Auch die inhaltliche Choreographie von Gedichten trägt zu Erwartungen an eine Zuspitzung oder finale Lösung bei. Offenbar wissen Dichter also sehr genau, wie sie uns – insbesondere am Ende von Spannungsbögen – einen Schauer über den Rücken laufen lassen können.

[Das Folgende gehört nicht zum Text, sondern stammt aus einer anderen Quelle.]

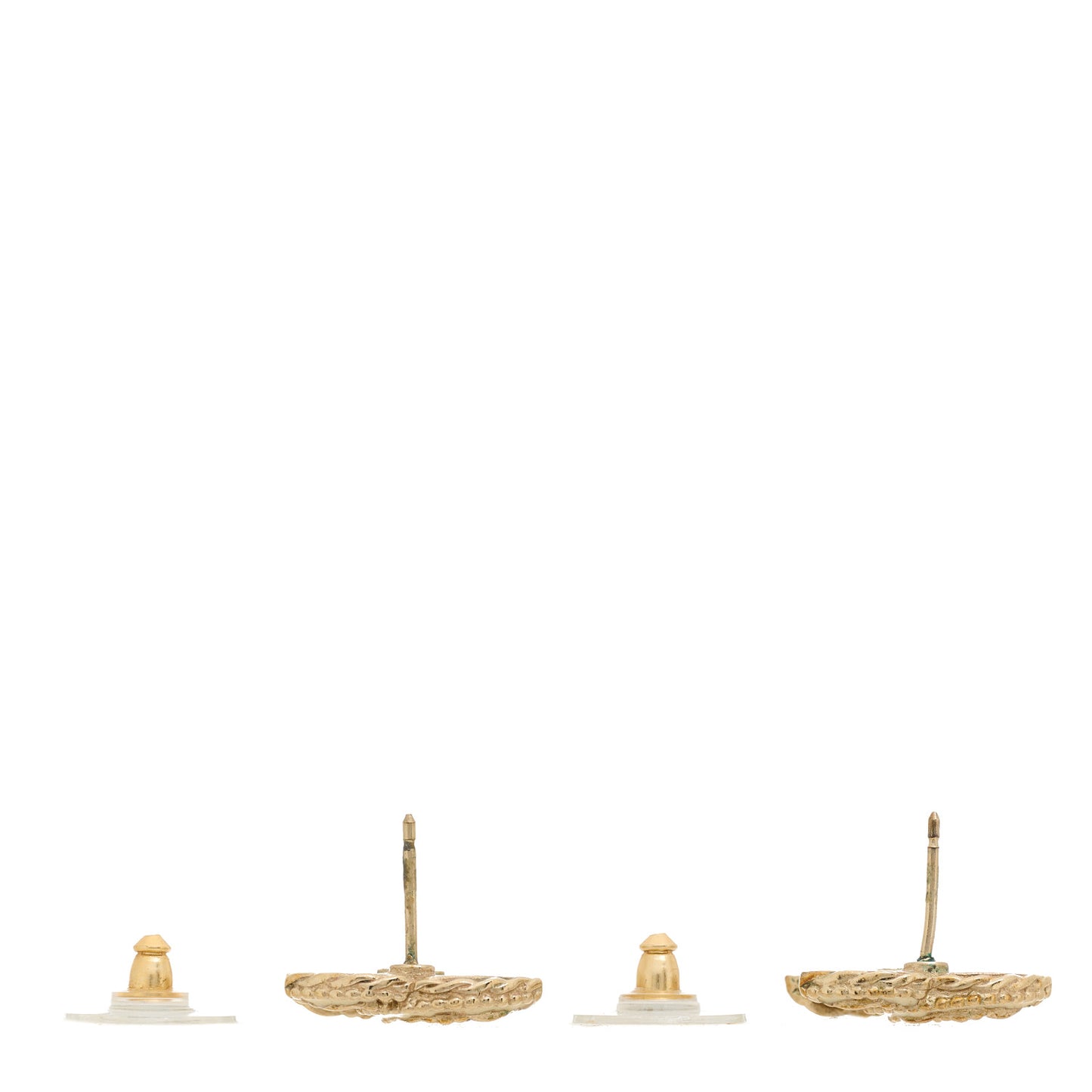 Enamel CC Earrings Gold White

Originalpublikation (open access):
Wassiliwizky, E., Koelsch, S., Wagner, V., Jacobsen, T., & Menninghaus, W. (2017). The emotional power of poetry: neural circuitry, psychophysiology, compositional principles. Social cognitive and affective neuroscience. doi 10.1093/scan/nsx069
Ob Schiller auch bei euch Gänsehautmomente erzeugt, könnt ihr hier testen
Nicht ihres Lächelns…
Nicht ihres Lächelns holder Zauber war’s,
Die Reize nicht, die auf der Wange schweben,
Selbst nicht der Glanz der göttlichen Gestalt –
Es war ihr tiefstes und geheimstes Leben,
Was mich ergriff mit heiliger Gewalt;
Wie Zaubers Kräfte unbegreiflich weben –
Die Seelen schienen ohne Worteslaut
Sich, ohne Mittel, geistig zu berühren,
Als sich mein Atem mischte mit dem ihren;
Fremd war sie mir und innig doch vertraut,
Und klar auf einmal fühlt’ ich’s in mir werden,
Die ist es oder keine sonst auf Erden!
(aus dem Trauerspiel „Die Braut von Messina“ von Friedrich Schiller)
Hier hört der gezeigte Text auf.